◆ YOUR GOAL
Copy, please, the line with "Heavy Duty Kick" and each line that follows it through the end of the data below, exactly as given and without pictures.

Stored items:
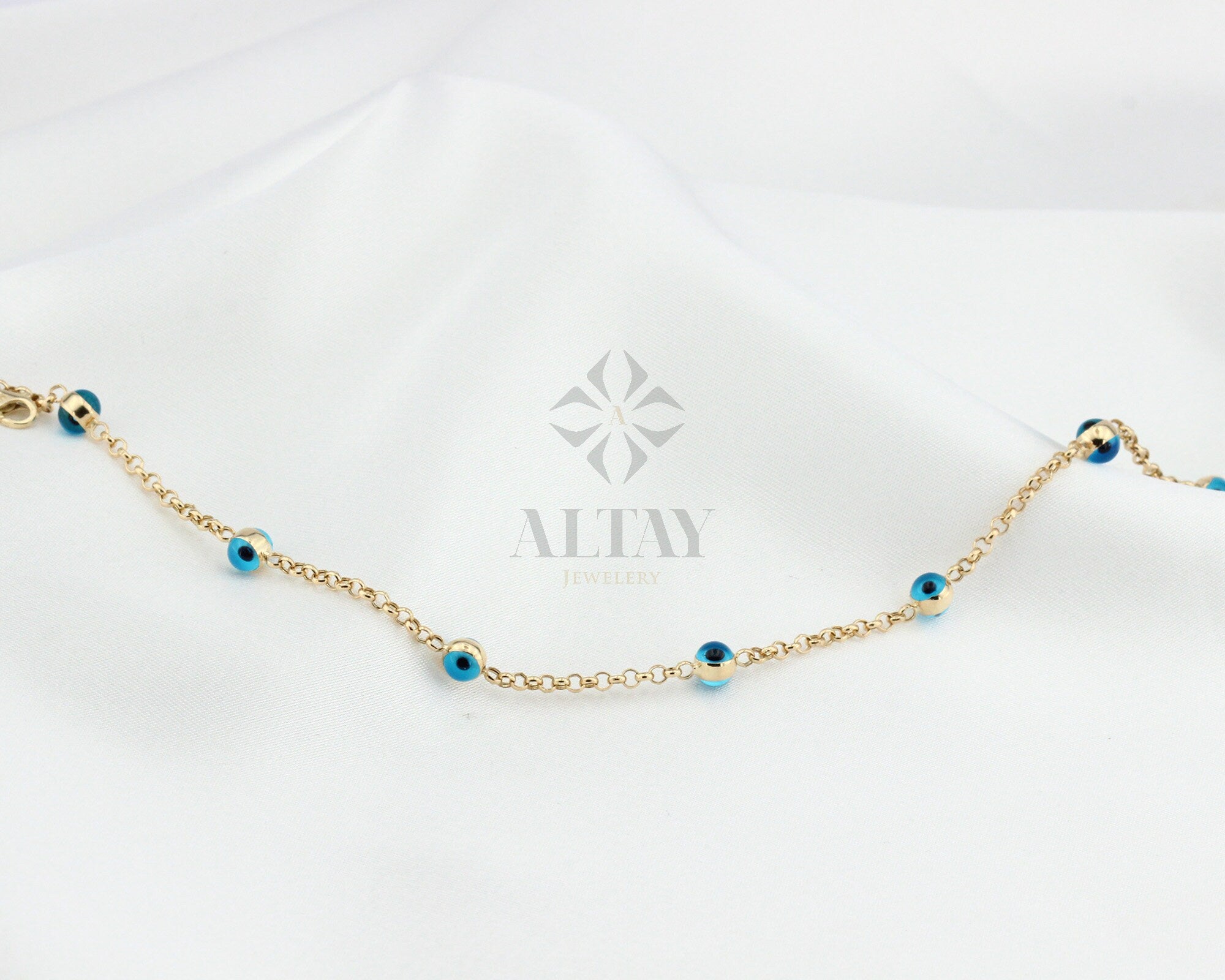 14K Gold Evil Eye Bracelet, Gold Chain Bracelet, Evil Eye Charm Bracelet, Everyday Rolo Gold Jewelry, Minimalist Jewelry, Gift for Her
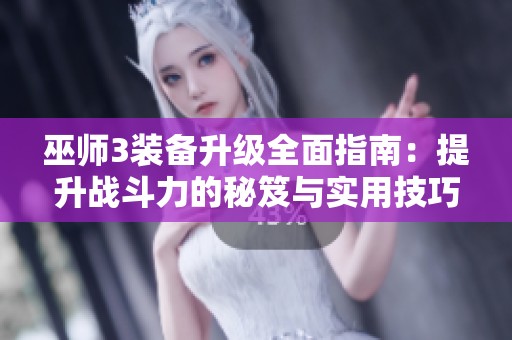 巫师3装备升级全面指南：提升战斗力的秘笈与实用技巧解析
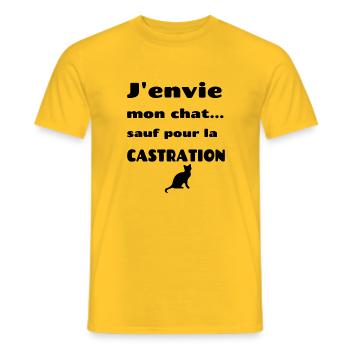 J'envie mon chat - T-shirt homme - jaune - Devant - AI Model Male 178 dark (178cm)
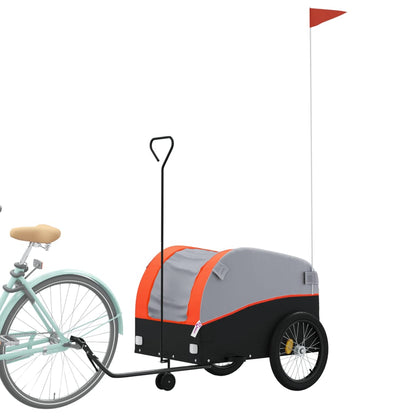 Fietstrailer 45 kg ijzer zwart en oranje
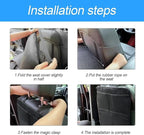 Heavy Duty Kick Mat, 2 Pack Car Seat Back Protectors, Upgraded Waterproof Fabric, Car Back Seat Cover for Kids, Pets with 3 Reinforced Mesh Storage Pockets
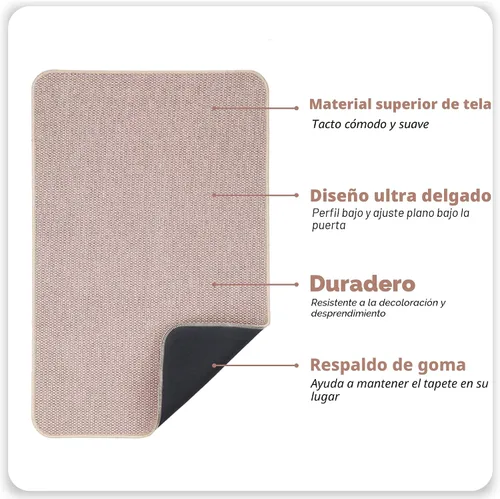 Miniatura 2 de Tapete de baño ultrafino, con base de goma, antideslizante, secado rápido, lavable a máquina, pelo bajo, absorbente, para ducha exterior, fregadero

◆ WORKED SOLUTION
 Heavy Duty Kick Mat, 2 Pack Car Seat Back Protectors, Upgraded Waterproof Fabric, Car Back Seat Cover for Kids, Pets with 3 Reinforced Mesh Storage Pockets
 Miniatura 2 de Tapete de baño ultrafino, con base de goma, antideslizante, secado rápido, lavable a máquina, pelo bajo, absorbente, para ducha exterior, fregadero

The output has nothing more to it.